Saturday, 7 November 2009

Post Halloween Video

Halloween has come and gone. Very favourable response to the show but only two videos worth watching. I've had real problems with the audio on these. I had to record the audio on a camcorder separate from the video recorder and had real problems synchronising the audio and video.
It turned out that the video was running at 60Hz and the audio at 50Hz so I had to use Audacity to change the audio lenghth by -20%.

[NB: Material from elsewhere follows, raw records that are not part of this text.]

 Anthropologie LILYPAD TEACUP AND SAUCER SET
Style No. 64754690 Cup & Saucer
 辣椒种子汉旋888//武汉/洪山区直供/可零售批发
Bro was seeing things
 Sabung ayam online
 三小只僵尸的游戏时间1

Here are what I call 'screaming runners'

Sunday, 25 October 2009

After last weeks dry run I realised that the 300W stage flood I got from Ebay was too directional. I decided to go back the 150W halogen floodlight I used last year:

The problem with last year was that I sandwiched a green lighting gel inbetween the lamp housing and the class cover. Although lighting gel is rated for high temperature operation the gel I used ended up like this:

The bit in the middle was blackened and really attenuated the light output of the lamp.
Hoping that this was caused by thermal conduction from the glass plate, I made a steel
gel mount to mount the gel in front of the lamp with a 10mm air gap between the glass and the gel:

It's a pair of steel plates that bolt together, sandwiching the gel between them. It then mounts
on top of the floodlight:

I ran it for 3 hours without any obvious degredation to the gel.

Sunday, 18 October 2009

Dry Run

On Saturday night I managed to set the complete system up and do a dry run. I resurrected last years grave stones and set everything up more or less as detailed in the last posts diagram.

I videoed two system operations. One with lights off, which is how I intend to operate the system on the day. This does not show up very well on the camera though.

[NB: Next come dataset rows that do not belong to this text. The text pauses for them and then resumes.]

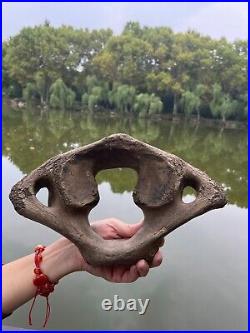 1200g Ice Age mammal vertebra bone specimen Pleistocene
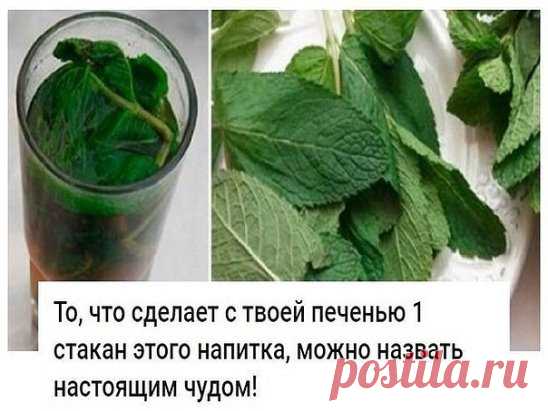 (41) Одноклассники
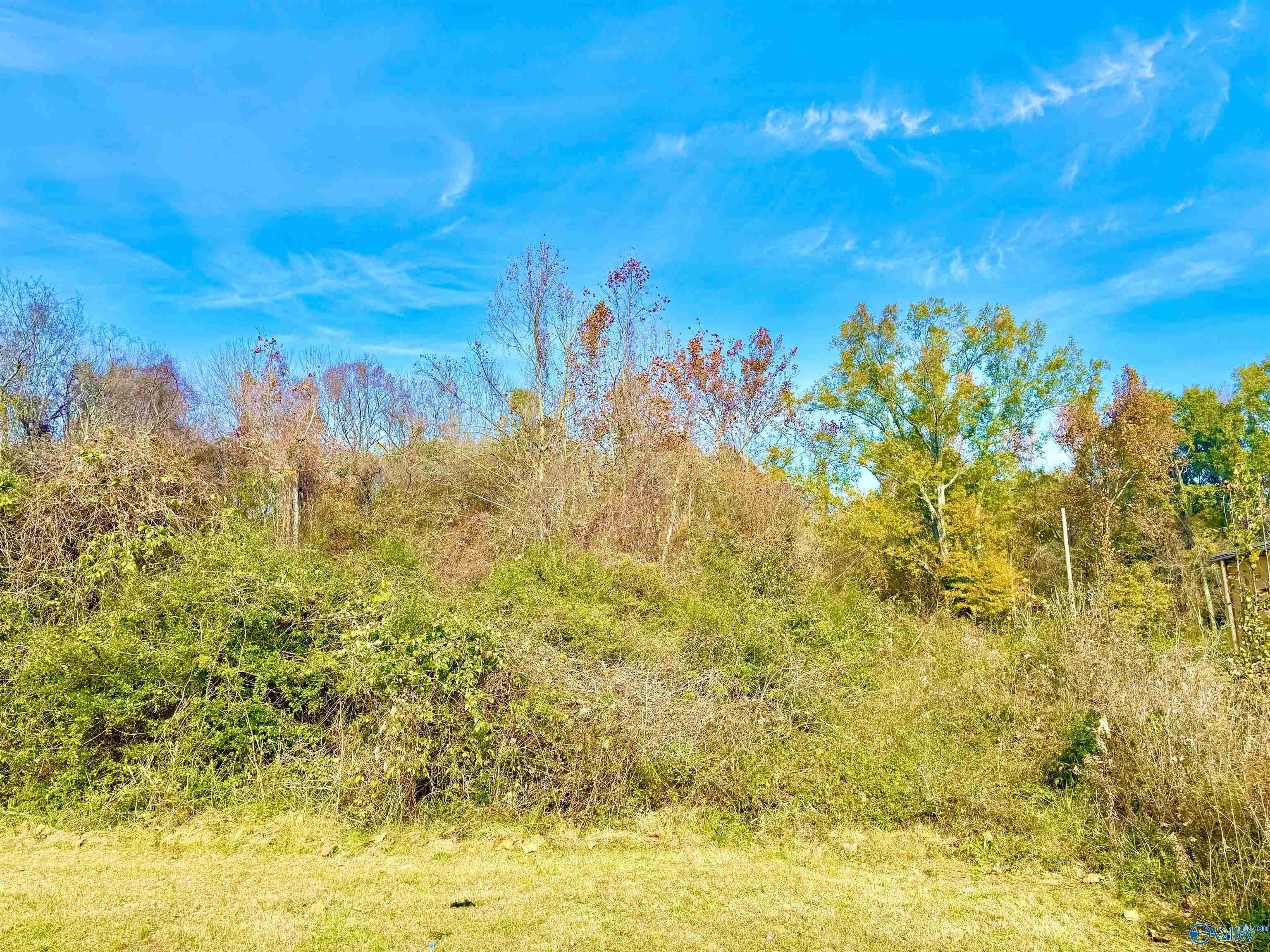 8.2 Acres Nelms Road, Decatur, Alabama image 3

Another issue is that the strobe light does not show up on the video very well. It looks fine in the real world though.

The second run was with the 150W floodlight at mounted on my garage turned on. This shows up much better on the video but does not appear quite as spooky.

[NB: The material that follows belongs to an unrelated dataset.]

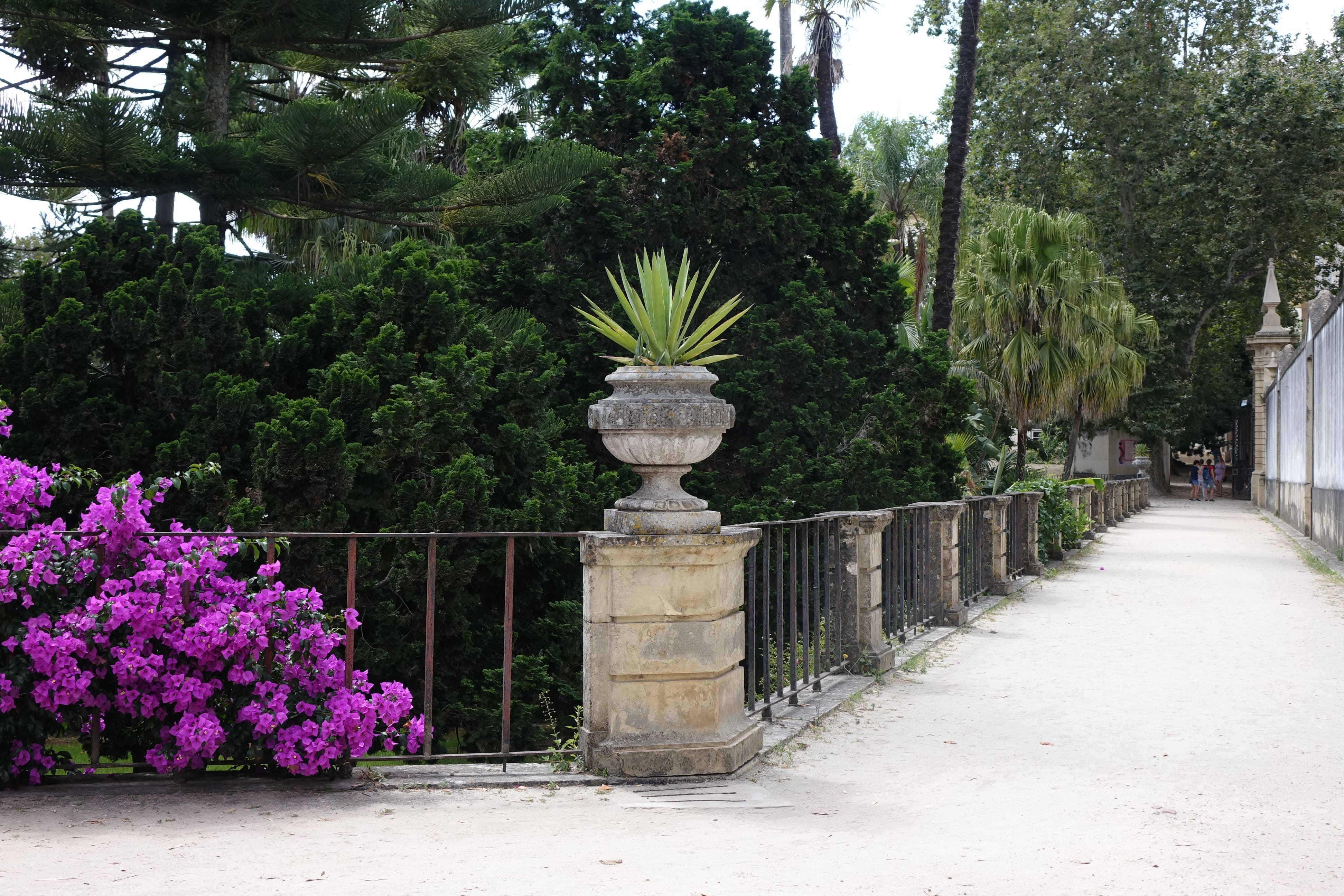 Jardín Botánico de la Universidad de Coimbra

Here's what I've learned from the execercise:
  1. I'm not sure about the 300W floodlight I'm using. I feel it is too directional. I think I'll try a 150W halogen flood.
  2. I need to change the coffin lid opening sample, you can hardly hear it. nophead suggested that I record the squeaky door in trap 2 of the gents toilets at our workplace. So not feeling at all a bit pervy I started recording stuff in there with my phone, and just for the record, I was alone.
  3. I think the PIR may need to be closer to the door.

Roll on Halloween.

Friday, 16 October 2009

Dry run planning

Tomorrow I plan to do a dry run.

Here is a plan of everything as it will be laid out on the day:

My drive, and my neighbours run parallel, he's told me he won't be in on the night of halloween so his drive will be clear. I will also make sure my drive is clear to enhance the spookiness.

I've also drawn a plan of the electro-pneumatic system to give me a rough idea of what I need to wire up:

The two wierd symbols inbetween the pistons and the solenoid valves are the one way restrictors that allow the skeleton/lid to reset under gravity without excessive speed.

The flow restrictors allow me to control the acceleration of each piston.

The control software is complete. The only thing that needs to be done is time the up/down times of the lid/skeleton so I can ensure the software waits for sufficient time before transitioning to a new state (e.g. CoffinLidOpen).

I also need to make sure that the audio sample I have for the coffin lid rising lasts long enough for the lid to rise. I plan to use the excellent 'Audacity' to stretch/shrink the sample time without affecting the pitch.

Wednesday, 14 October 2009

Making progress.

I've been working on a distribution board for the coffin. It takes the output from the PC driver board and feeds it to the coffin LEDs and solenoid valves.

It's no item of beauty but it works:

The hardware is now complete. I'm hoping to do a dry run this weekend.

Sunday, 4 October 2009


I have made some led strips to provide an eerie green illumination within the coffin as the lid opens. They are strips of 9mm plywood with five 10000mcd 10mm LEDs attached. I've split them into two parts to allow them to be fitted along the edges of the coffin.

Here is a picture of the LEDs illuminated:

And a close up:

The LEDs will be illuminated as the lid starts to open, and turned off when it has closed.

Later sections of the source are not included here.